If spaces are owned or legislated by the state on behalf of their constituents then they are termed ‘public’, but this state ownership often comes with its own limitations on access and usage. For example, the rural right to roam guarantees access for walking on private land but forbids camping, lighting fires or holding festivals, and urban parks and streetscapes are even more rigidly controlled. Common, therefore, is something different to public and could arguably mean that alliances of commoners have direct ownership of space or at least rights to decide the way it should be used. However, the common is also, by definition, exclusionary. Can a common be open to everyone and still retain these rights? Or might there need to be limitations on who can become a ‘commoner’ with right to benefit from a particular common space.

Where is it based?
Definitions of what can be considered commons range from specific areas of land in a city, like community gardens, co-housing or infrastructure, to cultural goods like language or forms of art, to ecological matter like air and water, to digital platforms. Each of these commons operates at a very different scale, from the hyper-local nostalgia of the village common, to the metropolitan scale of transport infrastructure, to the global flows of music or air currents. How does the scale at which commoning occur change its relationship to forms of social organisation and the question of value? Does the idea of the commons pose challenges to our traditional conceptions of administrative boundaries like borough, town, city, region and nation?

Who does it benefit?
Commoning and the creation of common spaces both have the potential to create all sorts of value: cultural vitality, an animated public realm, aesthetically improved places and financially valuable resources like food, energy and housing. Commons throughout history though have always been threatened with enclosure as private interests attempt to capitalise upon the value they produce. Local authorities and property developers for example may attempt to use the existence of commons to market places as commodities, which in turns threatens the very existence of commons. Perhaps this is inevitable and the social process of commoning can adapt and relocate, or perhaps there are specific ways this commodification can be resisted.

What are resources?
Commoning is the collective production and management of resources for and by their users. But what is an urban resource? Some may appear to be finite, such as space and water. Others may actually benefit from being used up to a point, such as libraries and cultural institutions.
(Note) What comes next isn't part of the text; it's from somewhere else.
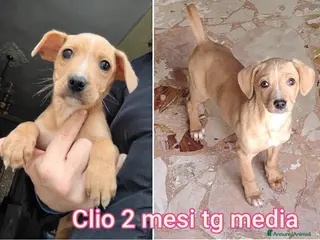 Meticcio cani CUCCIOLI BISOGNOSI IN CERCA D'AMORE a Provincia di Prato - Annuncio 16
Others still may only become a resource when they are framed as such by a certain kind of user, such as waste. Finally, some, such as the intangible urban “atmosphere” that animates public life in the city, are produced by consumption of the city and come into being with urban density. How does your design contribute to new or existing urban resources through the creation of ways to do commoning?

Awards and Exhibition

Ten selected proposals were awarded £300 toward the implementation of their proposal. Ten proposals were featured at the Designing the Urban Commons exhibition at LSE’s Atrium Gallery as part of the London Festival of Architecture.

Of the ten featured proposals, eight were selected by the jury, and two were selected via an ongoing online web vote by the public.